1] A decanyl group, a phenyl group which may have a lower alkoxy group on the phenyl ring, or a cycloalkyl group. Further, R ¹¹ and R ¹² may be bonded to each other with a nitrogen atom to which they are bonded via a nitrogen atom, an oxygen atom or a sulfur atom, or may be bonded to each other to form a saturated or unsaturated heterocycle.
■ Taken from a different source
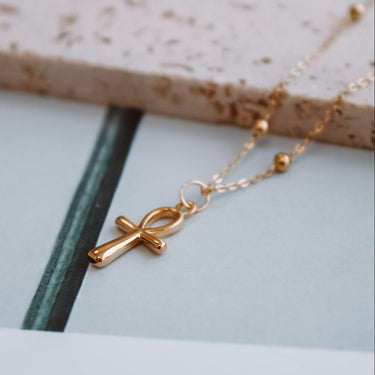 Collar Cruz Egipcia Gold - Atesorame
A phenyl group which may have a group selected from the group consisting of a benzoyl group, a lower alkanoyl group, a phenyl lower alkyl group and a lower alkoxy group and a lower alkanoyl group as a substituent on the phenyl ring in the heterocycle. It may have a group selected from the group consisting of ) Is shown. The bonds at the 3rd and 4th positions of the carbostyril skeleton represent a single bond or a double bond. However, when R ¹ is a hydrogen atom and ^{1 in the} group — (CO) ₁ —NR ¹¹ R ¹² is 0, R ¹¹ and R ¹² must not be hydrogen atoms at the same time. ] An oxytocin antagonist containing a carbostyril derivative or a salt thereof represented by the following as an active ingredient.